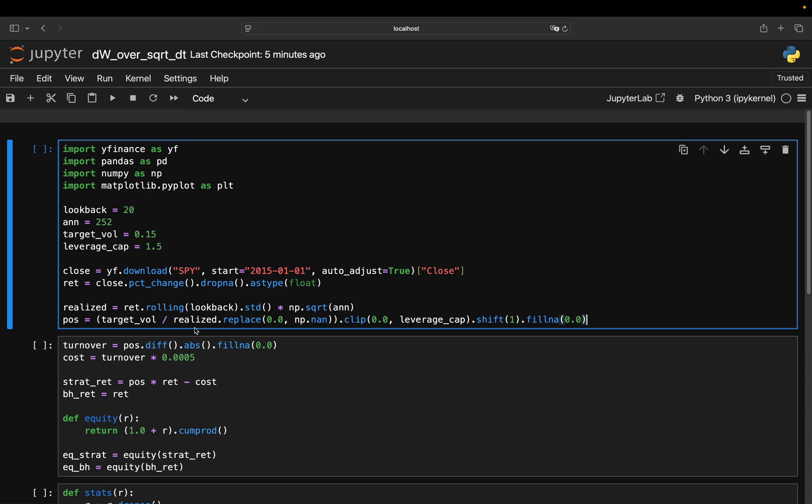Now, this replace 0.0 and NaN avoids dividing by 0 during very quiet streaks. And clip 0.0 and leverage cap keeps the position between 0 and 1.5x.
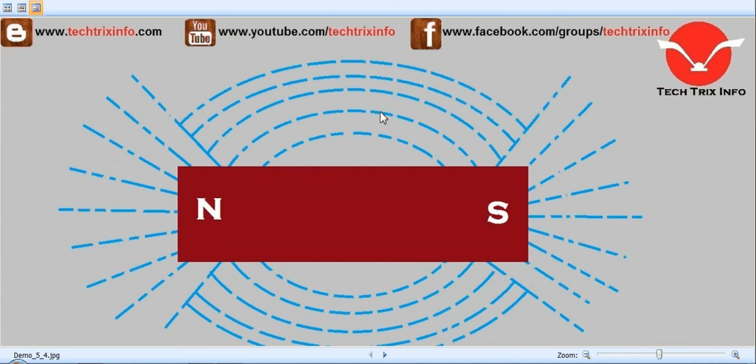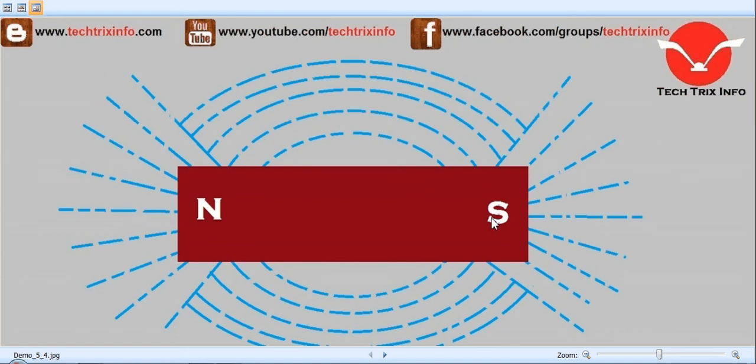On the screen what you are seeing is the magnetic field associated with this particular bar magnet. This is the North Pole and this is the South Pole. This is almost how the magnetic field looks like.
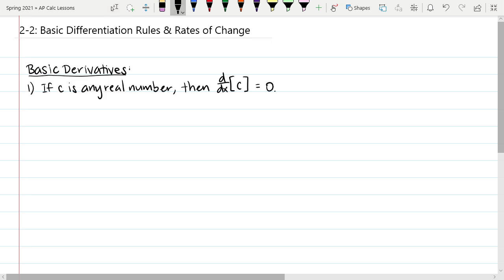The first basic derivative rule says: if c is any real number — a constant — then the derivative of c, written using d/dx notation, is 0. This tells you that the derivative of any constant function is 0.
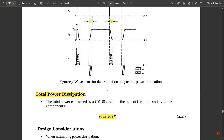That's all for this topic. Power consumption in CMOS is a very important concept and will appear in the exam.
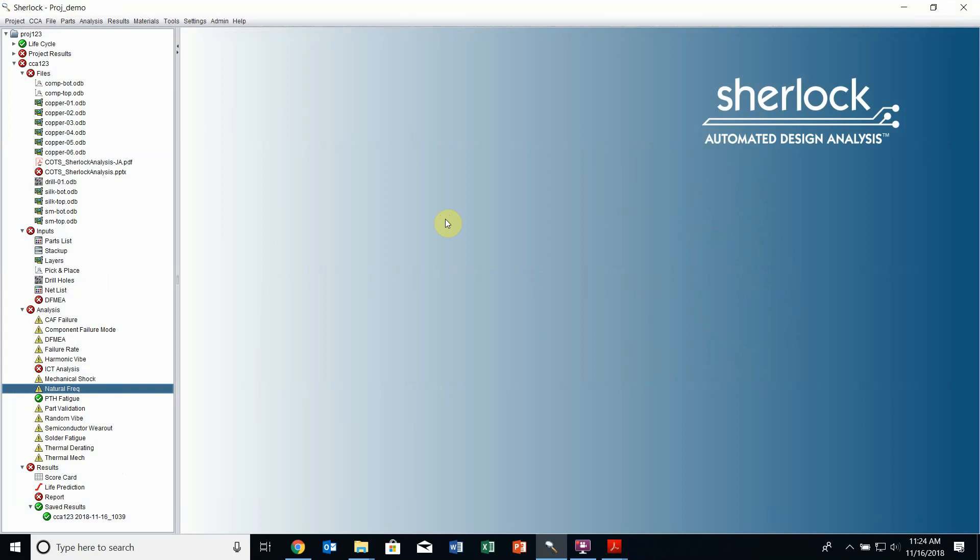So that's a quick introduction to Sherlock at a basic level. As you begin using it, you may have questions. Those can be answered in the user guide or you can contact us here at DFR Solutions for assistance. Thank you for your time.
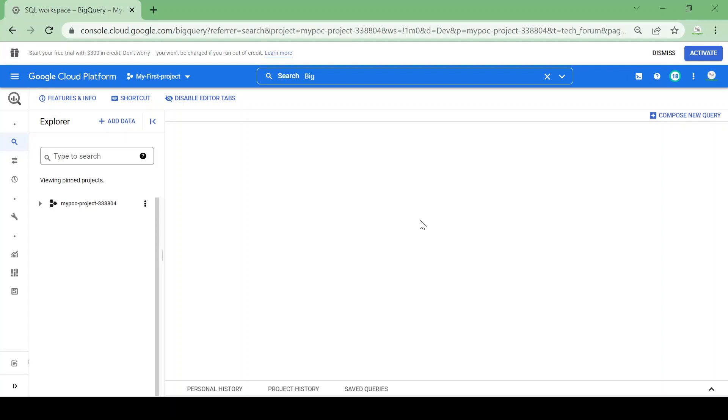Hi all, in this video we are going to see how we can optimize BigQuery performance using partitioning and clustering. Let's go to BigQuery and see how we can optimize our performance on large data sets or large tables.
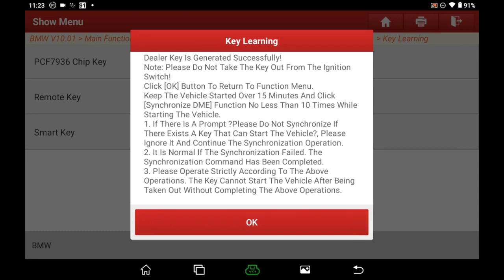After the car starts and you press Yes, read this info carefully. Note: do not take the key out from the ignition switch. Keep the vehicle running for over 15 minutes. Click the Synchronize DME function no less than 10 times after the car starts. If there is a prompt saying do not sync because a key can start the vehicle, please ignore it and continue the sync operation. It is normal if the sync fails — the sync command has been completed. Strictly follow the above operations, as the key cannot start the vehicle after being removed without completing them. Click OK to return to the main menu to execute Sync DME.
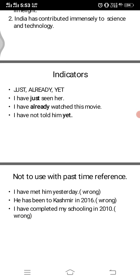Now, where NOT to use present perfect — this is a big no. Wherever there is a time reference from the past, you should not use present perfect tense. For example, 'I have met him yesterday' is incorrect because 'yesterday' is a past time reference. The correct sentence is 'I met him yesterday.' Similarly, 'He has been to Kashmir in 2016' is wrong because 2016 is a year from the past — it should be 'He went to Kashmir in 2016.' Likewise, 'I have completed my schooling in 2010' is incorrect; it should be 'I completed my schooling in 2010.'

TASK TO CARRY OUT
The aim is an exact repeat of the entire listing, stripped of pictures.

EXERCISE RESPONSE
Now, this replace 0.0 and NaN avoids dividing by 0 during very quiet streaks. And clip 0.0 and leverage cap keeps the position between 0 and 1.5x.
On the screen what you are seeing is the magnetic field associated with this particular bar magnet. This is the North Pole and this is the South Pole. This is almost how the magnetic field looks like.
The first basic derivative rule says: if c is any real number — a constant — then the derivative of c, written using d/dx notation, is 0. This tells you that the derivative of any constant function is 0.
That's all for this topic. Power consumption in CMOS is a very important concept and will appear in the exam.
So that's a quick introduction to Sherlock at a basic level. As you begin using it, you may have questions. Those can be answered in the user guide or you can contact us here at DFR Solutions for assistance. Thank you for your time.
Hi all, in this video we are going to see how we can optimize BigQuery performance using partitioning and clustering. Let's go to BigQuery and see how we can optimize our performance on large data sets or large tables.
After the car starts and you press Yes, read this info carefully. Note: do not take the key out from the ignition switch. Keep the vehicle running for over 15 minutes. Click the Synchronize DME function no less than 10 times after the car starts. If there is a prompt saying do not sync because a key can start the vehicle, please ignore it and continue the sync operation. It is normal if the sync fails — the sync command has been completed. Strictly follow the above operations, as the key cannot start the vehicle after being removed without completing them. Click OK to return to the main menu to execute Sync DME.
Now, where NOT to use present perfect — this is a big no. Wherever there is a time reference from the past, you should not use present perfect tense. For example, 'I have met him yesterday' is incorrect because 'yesterday' is a past time reference. The correct sentence is 'I met him yesterday.' Similarly, 'He has been to Kashmir in 2016' is wrong because 2016 is a year from the past — it should be 'He went to Kashmir in 2016.' Likewise, 'I have completed my schooling in 2010' is incorrect; it should be 'I completed my schooling in 2010.'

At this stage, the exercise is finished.